Jane porter interview
Life

Jane Porter was born in Durham as the third of the five children of William Porter and Jane née Blenkinsop. Tall and beautiful as she grew up, Jane Porter's grave air earned her the nickname La Penserosa ("the pensive girl"). After her father's death, her family moved to Edinburgh, where Sir Walter Scott was a regular visitor. Some time afterwards the family moved to London, where the sisters became acquainted with a number of literary women: Elizabeth Inchbald, Anna Laetitia Barbauld, Hannah More, Elizabeth Hamilton, Selina Davenport, Elizabeth Benger and Mrs Champion de Crespigny.

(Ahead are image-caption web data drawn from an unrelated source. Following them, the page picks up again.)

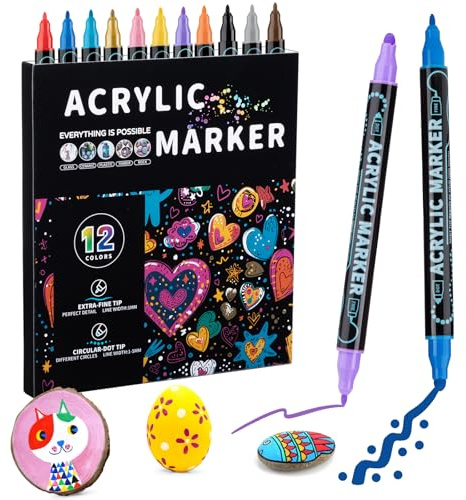 Mzh Art 12 Colors Dual Tip Acrylic Paint Pens Markers, Double Tip Premium Acrylic Markers, Acrylic Markers for Wood, Rock Painting, Glass, Canvas, Stone, DIY Crafts Making Art Supplies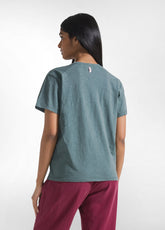 Slub Knit Wide Neck T-Shirt - Green - TEAL GREEN | DEHA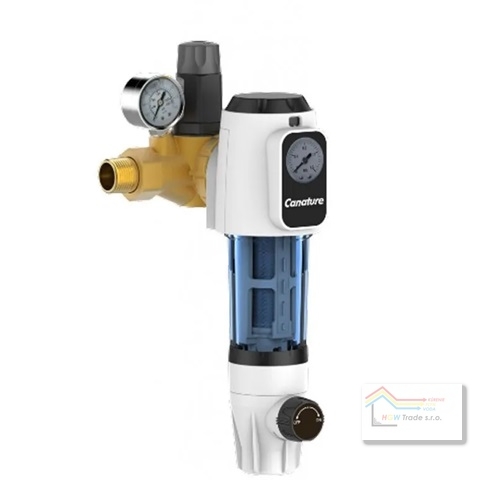 Filter s preplachom,redukč.ventilom,otočný 3/4"Q-50l/m,40mikr,40°C,1-10Bar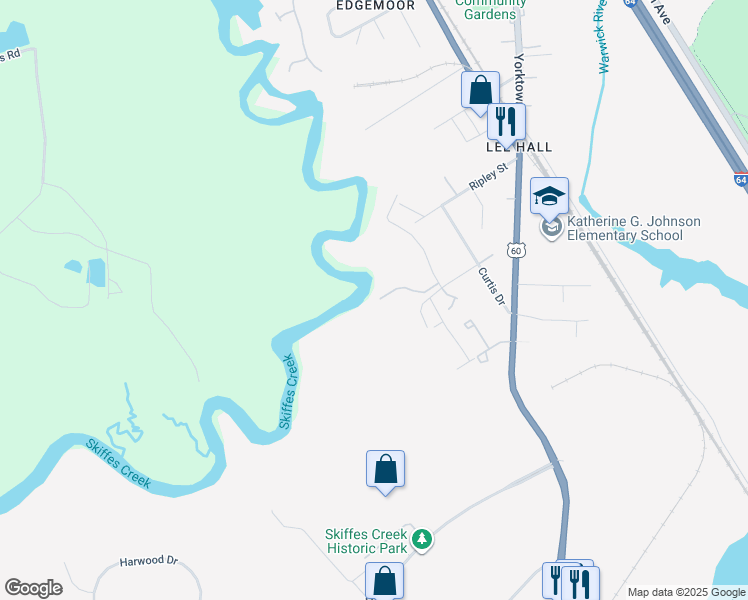 map of restaurants, bars, coffee shops, grocery stores, and more near 243 Misty Point Ln in Newport News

Porter's siblings also achieved some fame in their lifetimes; her sister Anna Maria Porter was also a novelist; her brother Sir Robert Ker Porter was a noted painter.
Works

Porter is considered to have "crafted and pioneered many of the narrative tools most commonly associated with both the national tale and the historical novel." Her 1810 work The Scottish Chiefs, about William Wallace, one of the earliest examples of the historical novel, was very successful and the French version was banned by Napoleon). It has remained popular with Scottish children. The Pastor's Fireside (1815) was a story about the later Stuarts.
Porter contributed to periodicals and wrote the play Switzerland (1819), which seems to have been deliberately sabotaged by its lead Edmund Kean and closed after its first performance. She is sometimes "credited" with the 1822 production Owen, Prince of Powys, which closed after only three performances, but this was actually the work of Samson Penley. Porter also wrote Tales Round a Winter Hearth (1821), Coming Out (1828), and The Field of Forty Footsteps (1828) with her sister, Anna Maria.

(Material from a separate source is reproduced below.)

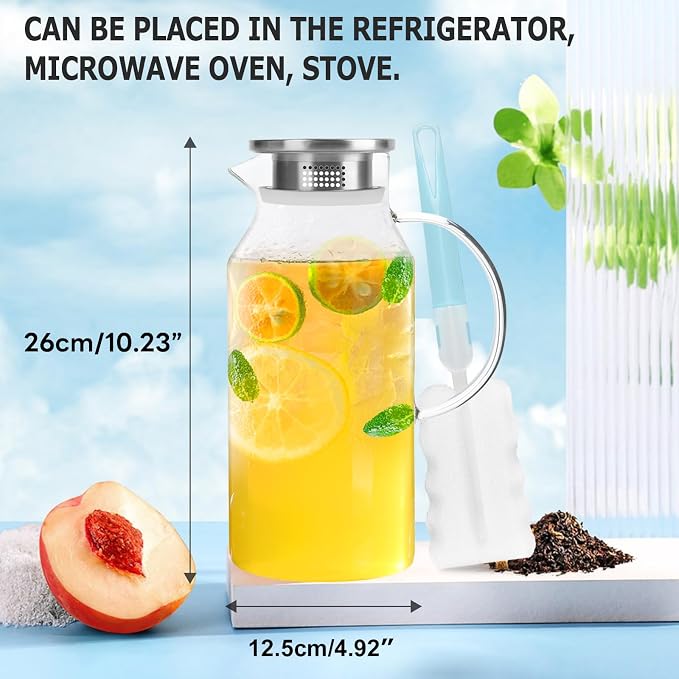 Yirilan Glass Pitcher, 90 oz/2.6 Liter Water Pitcher - Image 2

A romance, Sir Edward Seaward's Diary (1831), purporting to be a record of actual circumstances and edited by Jane, was written by her brother, Dr William Ogilvie Porter, as letters in the University of Durham Porter archives show.

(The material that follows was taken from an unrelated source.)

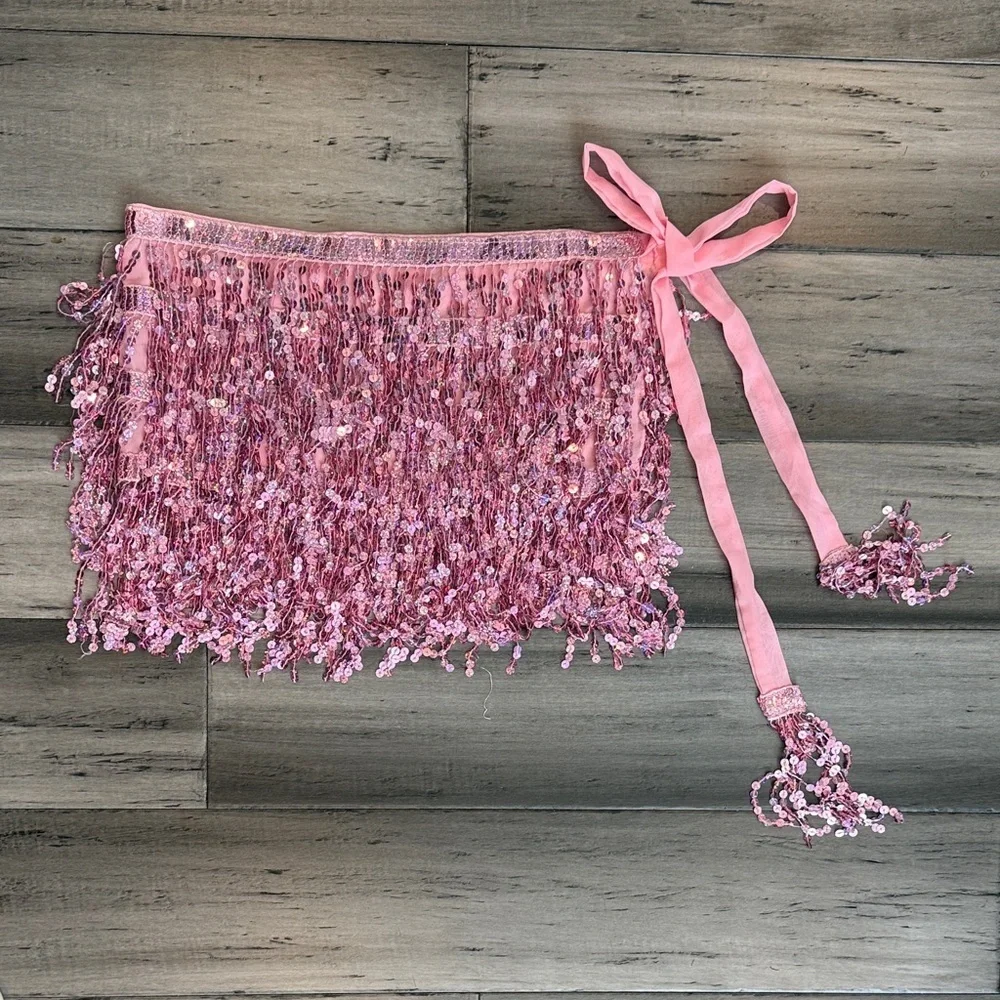 NWOT Pink Sequin Fringe Skirt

In her later years, Porter continued to write shorter pieces for journals. Many were published anonymously or simply signed "J. P." Her wide-ranging topics included Peter the Great, Simón Bolívar, and the African explorer Dixon Denham.
Influences
Porter, like so many of her contemporaries, was fascinated by Lord Byron. The villain in The Pastor's Fireside, Duke Wharton, has been said to cast "an unmistakably Byronic shadow." Additional influences on Porter's writing include her schoolmaster George Fulton, as well as Edmund Spenser's The Faerie Queene and Sir Philip Sidney's Arcadia.